--- ABOUT THIS TASK ---
Only the lines below starting at the one containing "何泓姗(Viva)时尚活动素颜照相册" and ending at the one containing "Photo of property" belong in the answer, each copied exactly.

[Crawled caption data]
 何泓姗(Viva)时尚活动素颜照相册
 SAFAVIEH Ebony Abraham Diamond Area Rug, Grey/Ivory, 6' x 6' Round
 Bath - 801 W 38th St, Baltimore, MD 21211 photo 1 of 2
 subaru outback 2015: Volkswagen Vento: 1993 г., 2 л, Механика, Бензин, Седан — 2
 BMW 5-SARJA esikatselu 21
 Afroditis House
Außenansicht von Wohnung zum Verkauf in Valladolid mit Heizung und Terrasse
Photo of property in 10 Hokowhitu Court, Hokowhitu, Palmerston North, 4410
---
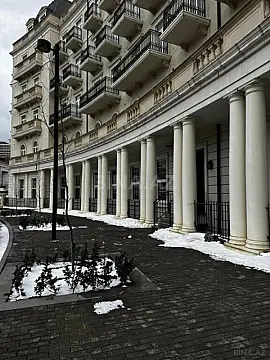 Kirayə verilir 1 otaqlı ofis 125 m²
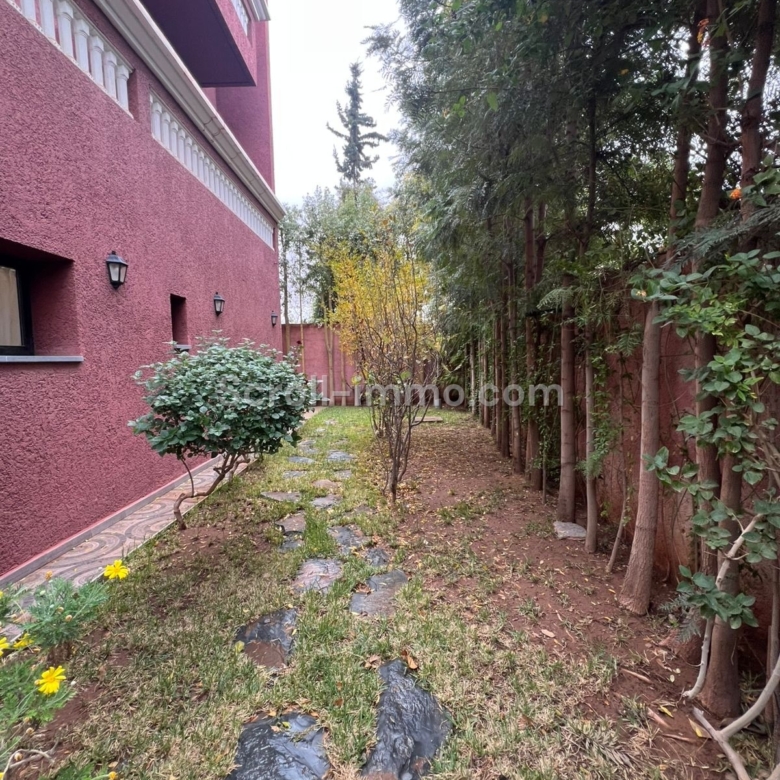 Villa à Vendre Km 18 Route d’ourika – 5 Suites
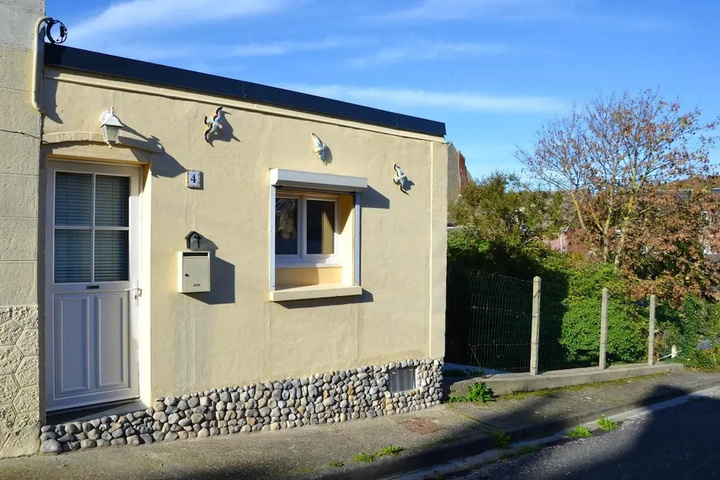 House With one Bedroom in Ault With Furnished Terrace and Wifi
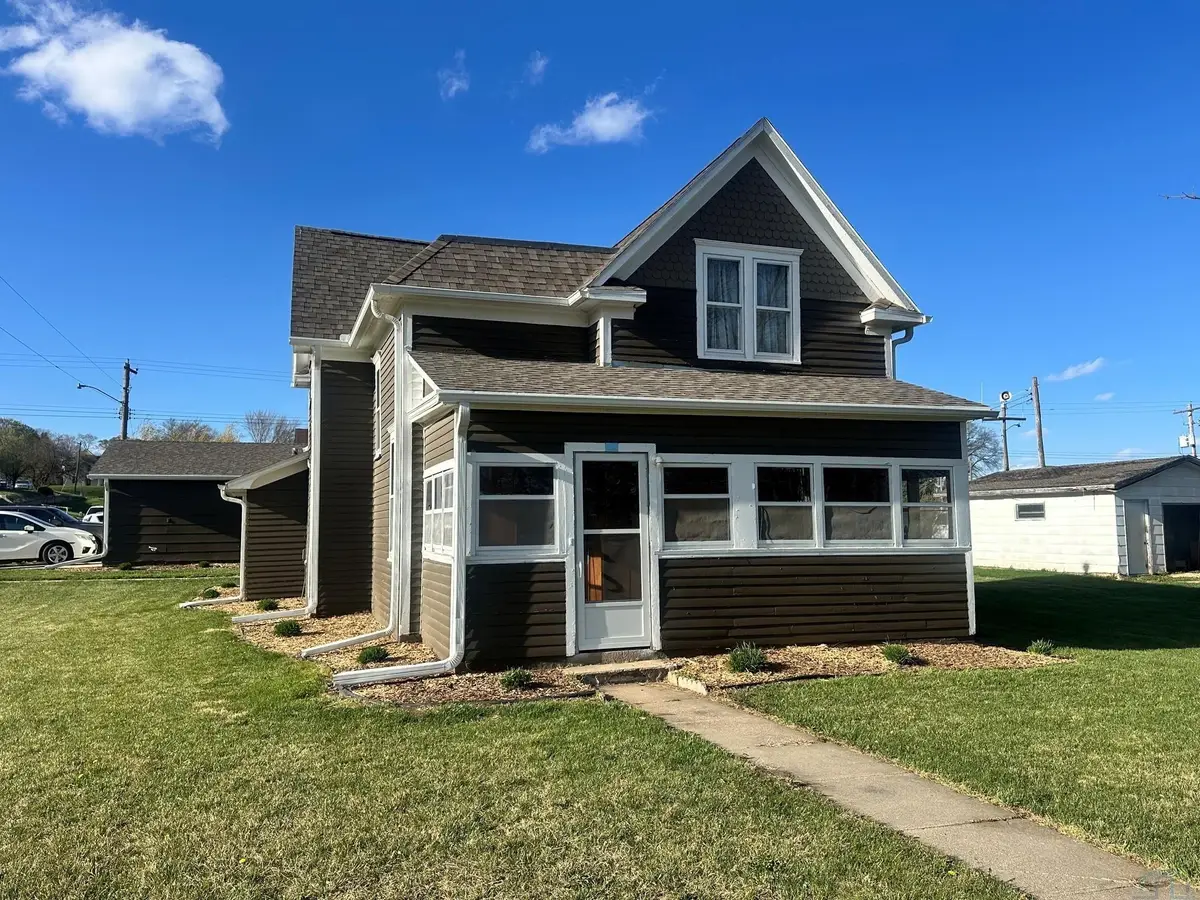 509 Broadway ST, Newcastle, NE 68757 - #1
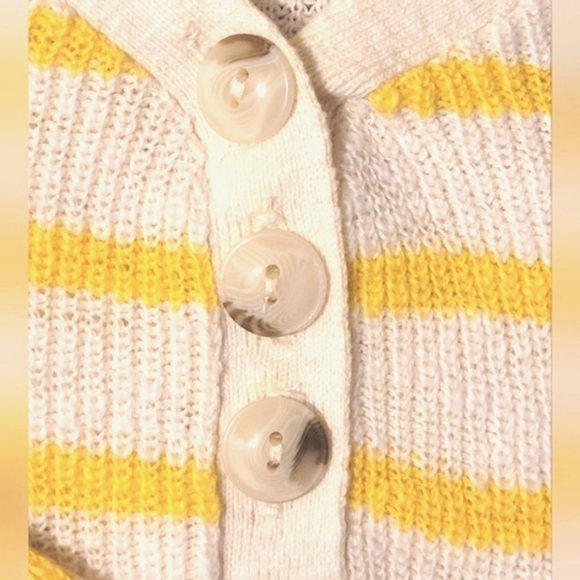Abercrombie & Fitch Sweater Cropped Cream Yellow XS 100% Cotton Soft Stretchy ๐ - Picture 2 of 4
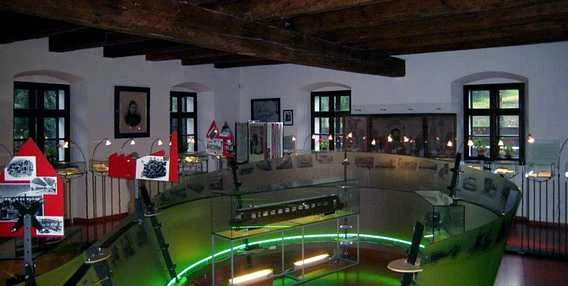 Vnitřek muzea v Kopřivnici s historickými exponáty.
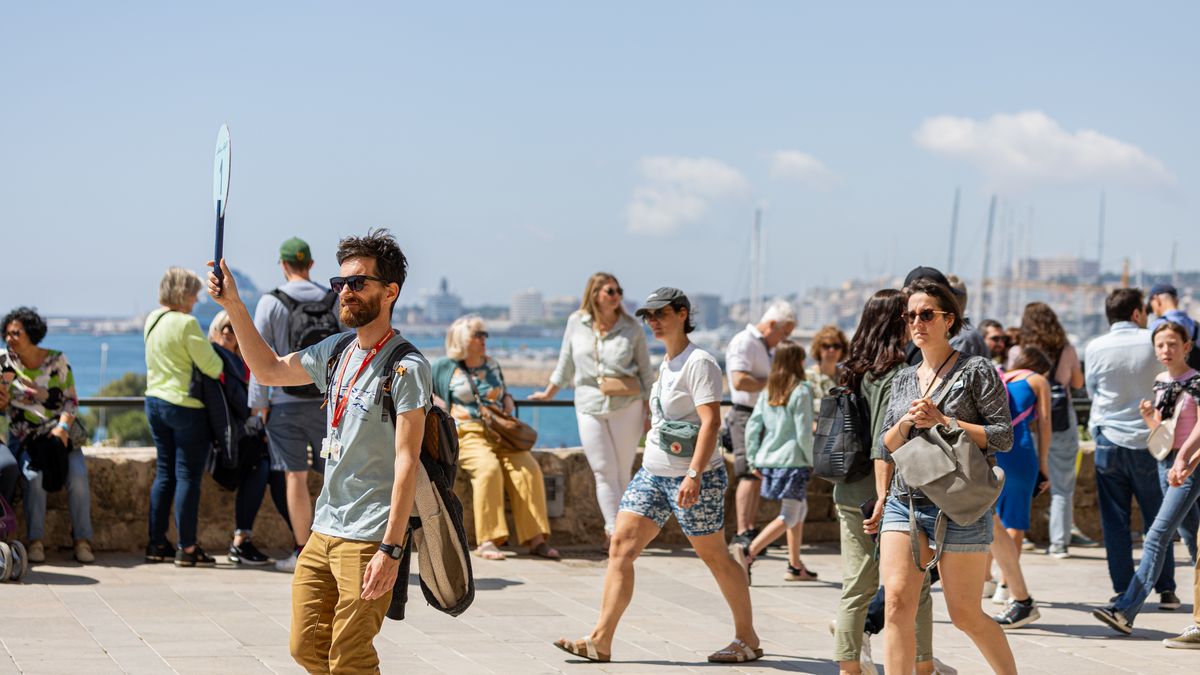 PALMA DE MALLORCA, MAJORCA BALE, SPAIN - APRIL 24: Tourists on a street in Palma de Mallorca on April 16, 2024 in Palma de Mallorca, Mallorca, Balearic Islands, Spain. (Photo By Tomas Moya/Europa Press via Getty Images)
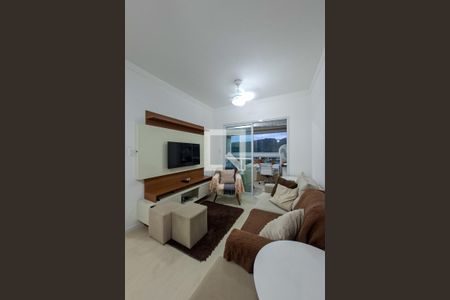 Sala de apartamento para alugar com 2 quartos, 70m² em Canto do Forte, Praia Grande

--- RESPONSE FOR THIS EXERCISE ---
 何泓姗(Viva)时尚活动素颜照相册
 SAFAVIEH Ebony Abraham Diamond Area Rug, Grey/Ivory, 6' x 6' Round
 Bath - 801 W 38th St, Baltimore, MD 21211 photo 1 of 2
 subaru outback 2015: Volkswagen Vento: 1993 г., 2 л, Механика, Бензин, Седан — 2
 BMW 5-SARJA esikatselu 21
 Afroditis House
Außenansicht von Wohnung zum Verkauf in Valladolid mit Heizung und Terrasse
Photo of property in 10 Hokowhitu Court, Hokowhitu, Palmerston North, 4410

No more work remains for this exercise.